How do you quell pre-performance anxiety? Do you have any special tricks?

I used to be a complete mess before shows. I was a total jerk. I’d yell at my friends. I was really mean to my girlfriend. It was so terrible. I was a total douche bag. But I got a lot better. I don’t know, I’ve had a lot of people tell me that I seem really calm before shows. But it’s a facade. I’m freaking out on the inside.

Are you performing as yourself, or do you take on a persona?

I feel like [my stage character] is a persona. It’s definitely me in there, because I love the songs. I lost my singing voice when I started hormones, so for me, it’s as close to singing as I can get now. But it’s [the persona] that’s up there. He’s got this bravado, he’s bigger than me. He does a lot of things I probably wouldn’t do, in everyday life, a lot of ridiculousness. … I don’t do as much hip-thrusting in real life!

There’s this difference between drag, which is gender crossing as performance, and being transgender, which is an identity. How do you negotiate those two things — drag, and being transgender?

Drag was like my gateway drug into transitioning. I got into drag, and I looked at myself with the sideburns and the facial hair, and I said, “This is pretty cool. This is way better.” That planted the seed. And I started doing more research. When you do research on drag, a lot of trans/FTM [female to male] resources come up, too. The two are closely linked. You’re doing the same thing — you’re trying to look like a guy, trying to pick up the mannerisms. So the two went hand in hand, for a little bit.

Then it got to this point where I was like, you know, I’m comfortable enough with my own self to say, “It’s my gender, and I’ll f— with it if I want to.” I do girl drag too, sometimes. I’ll do girl drag, and boy drag, and for me, I’m comfortable enough with where I’m at in my transition, and with my body, that I can do these kind of things.

Plus, it’s so much fun. I didn’t want to give it up. And I definitely went through trying to figure out, okay, once I start doing hormones, when do I stop doing drag? Because I have a little bit of facial hair now, I don’t really need the makeup [to draw on a beard] as much. But at the same time, I still want to do it.

Do you anticipate having to decide, at some point? Giving up drag?

I don’t know. Maybe in years and years. I’m seeing how it goes. Right now I’m so excited being a San Diego King that I don’t really want to stop. But it’s probably going to come to that.

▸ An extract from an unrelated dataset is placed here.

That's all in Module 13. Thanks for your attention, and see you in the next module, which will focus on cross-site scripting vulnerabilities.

Have there ever been tensions over that? People questioning how you can do drag, and transition at the same time?

Definitely. People have definitely questioned me about it, and I anticipated it. I knew it was coming. I’ve had people come up to me and say, “Isn’t that cheating?” And I say no, it’s not cheating. Drag isn’t about just looking like a boy. It’s about the whole persona. You have to put this stage presence out, learn the music — looking like a boy is a very small part of the equation. Maybe two or three people came up and actually talked to me about it. But I’ve heard of a lot more people saying stuff, who haven’t come up to me. I don’t really care. If they don’t like it, they don’t have to go.

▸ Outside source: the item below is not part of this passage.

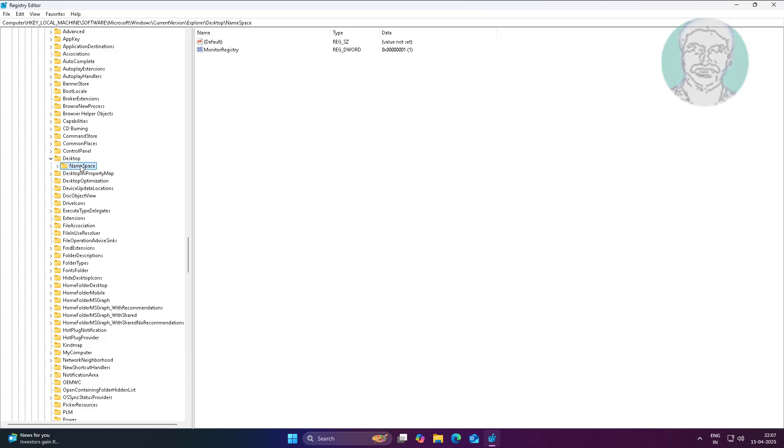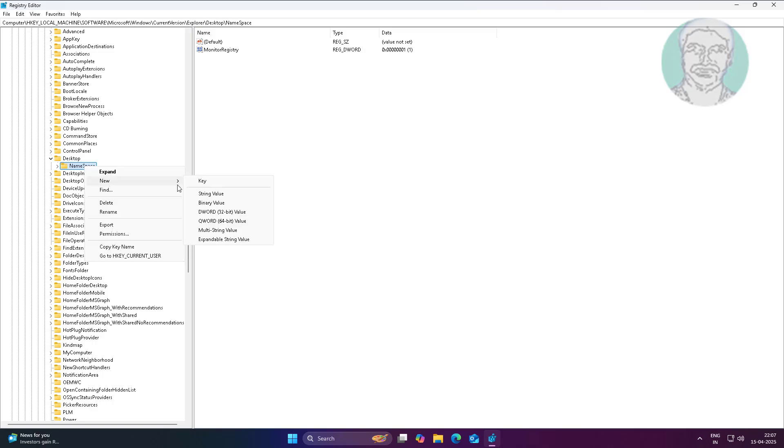Right-click Namespace, create a new key, then copy the text from the description and paste it.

It seems like the way you define drag is more about performance and the persona than specifically crossing from one gender to another.

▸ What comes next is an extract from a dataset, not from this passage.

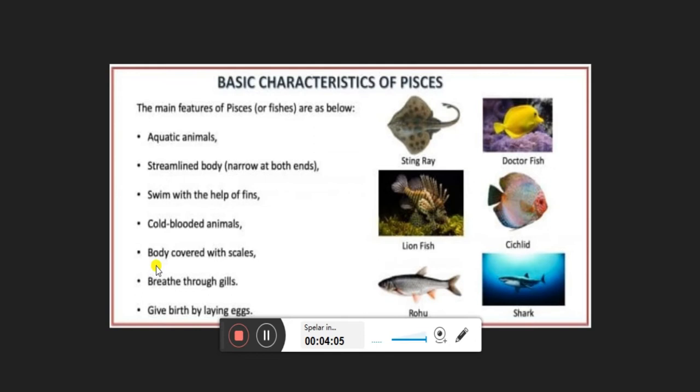Fish are covered with scales — shiny, hard, waxy things on the surface of their body that do not absorb water even though they live in it. They breathe through gills, exchanging gases between inside and outside the body. They also reproduce by laying eggs, from which the new generation comes out.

I don’t have that big of a concept of gender. When I look back to when I was a kid, I never had this concept of gender. I knew I wasn’t a girl, but I didn’t really know the difference between me and the rest of the boys. Gender doesn’t play that big of a part in my life. But I definitely see where a lot of people use [drag] as a gender expression, where they can’t do these things in their regular life, so they do them onstage and have less anxiety about it. Where normally, they wouldn’t go out with facial hair and [chest] binding and stuff.

What does it feel like when you perform?

It’s just this rush. When I get there, I try to forget all these people in the room staring at me. I look at the back wall, or people I know. Generally, it’s awesome, to get that attention.